Earlier this week, the First Circuit issued a decision in Wan v. Holder.  Wan challenged the denial of a motion to reopen.  The Board of Immigration Appeals (Board) denied the motion, in part, because Wan had not exercised the due diligence necessary to toll the 180-day filing deadline for an exceptional circumstances motion to reopen.  On appeal to the circuit, Wan challenged this finding, and also asserted that the Board engaged in impermissible fact-finding.

The First Circuit determined that it lacked jurisdiction to determine if the Board had engaged in impermissible fact-finding because Wan had not properly exhausted this argument.  Instead, Wan needed to raise this argument in a motion to reconsider before the Board, and thus, give the Board the opportunity to consider the issue.  In so holding, the court joined the Fifth and Tenth Circuit's decisions on this issue.

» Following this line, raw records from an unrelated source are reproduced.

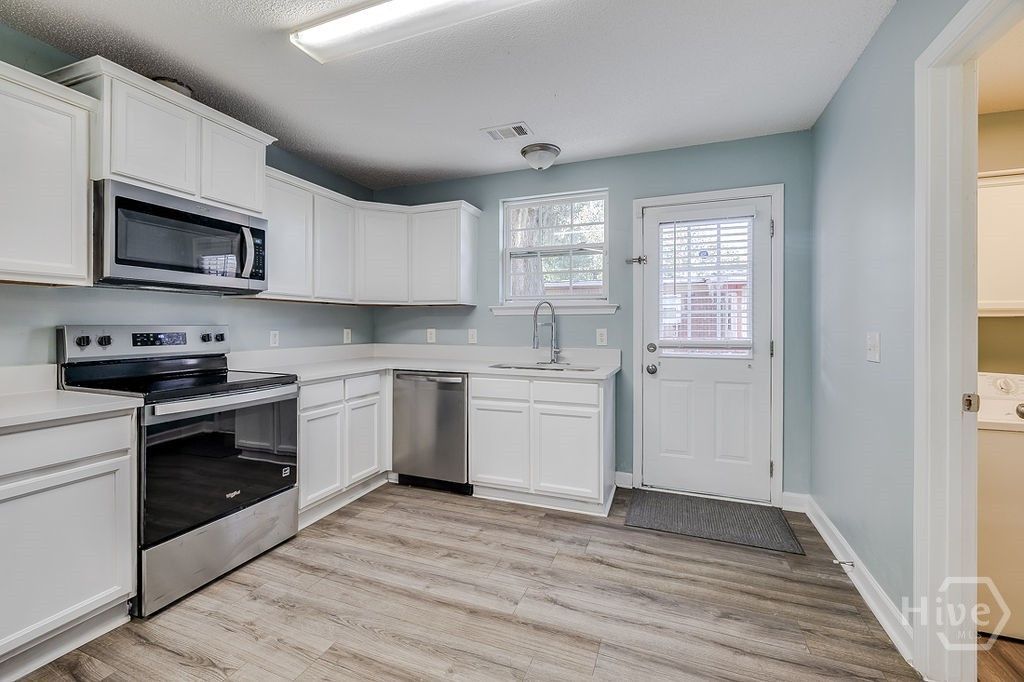 Image 15 of property listing at 119 Chippewa Drive, Savannah, GA 31406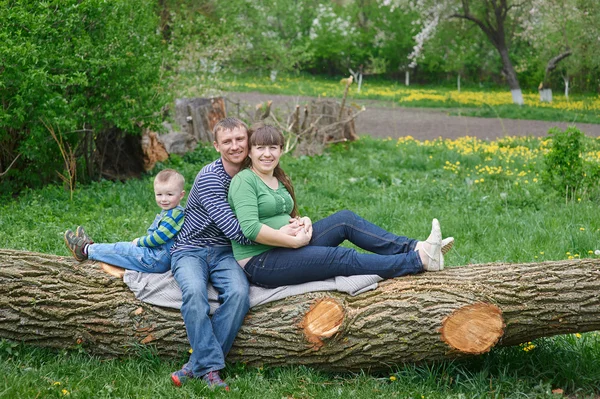Mamma pappa och son sitter på ett däck — Stockfoto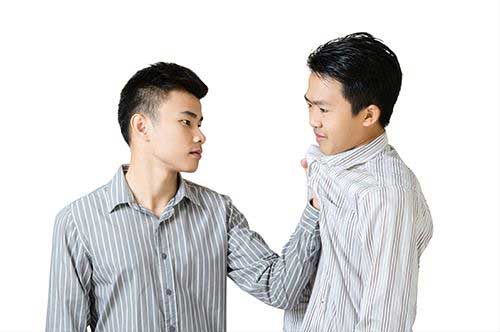 胸倉を掴むのは暴行罪！逮捕はありえる？示談で不起訴を目指す方法ベンナビ刑事事件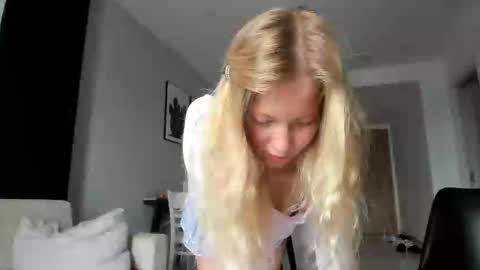 Snapshot of e___lisa chatting on February 14, 3:11 am fansly - yourbestbaby online show from February 14, 3:11 am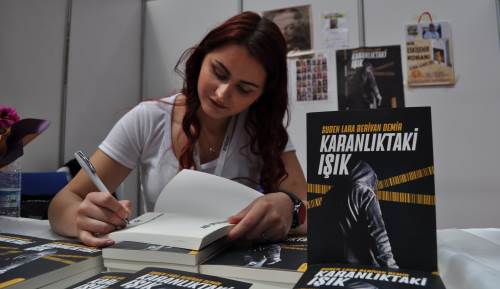 Eskişehir'de ilk adımını attı: 18 yaşında kitap yazdı!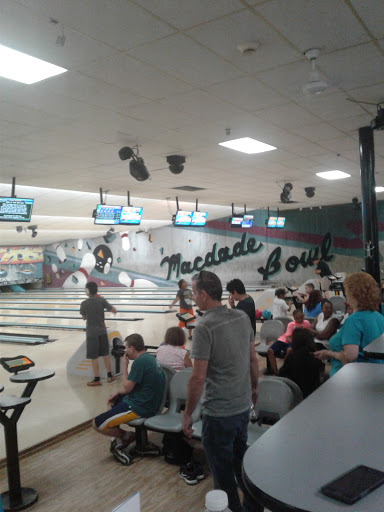 Bowling Alley «MacDade Bowl», reviews and photos, 2105 MacDade Boulevard, Holmes, PA 19043, USA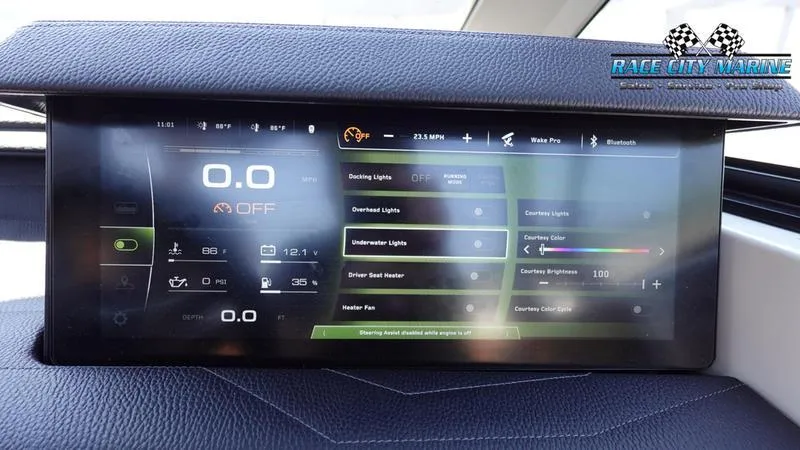 Slide: The Image of Super Air Nautique G23 - 14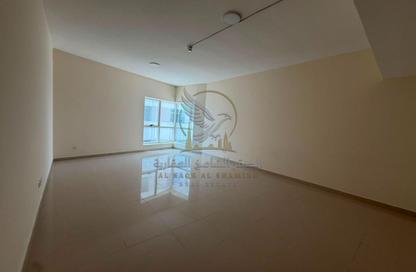 Apartment - 2 Bedrooms - 3 Bathrooms for rent in Al Khan Corniche - Al Khan - Sharjah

Turning to Wan's request to toll the filing deadline for a motion to reopen, the court noted that whether the doctrine of equitable tolling applied in immigration proceedings remained an open question.  It declined to decide the issue, finding that in any event, Wan had not exercised the requisite due diligence to invoke the equitable tolling doctrine.

Interestingly, the court proceeded to issue a decision in this case, despite a motion informing the court of Wan's intention to apply for administrative relief under the newly-announced Deferred Action for Parental Accountability (DAPA) program.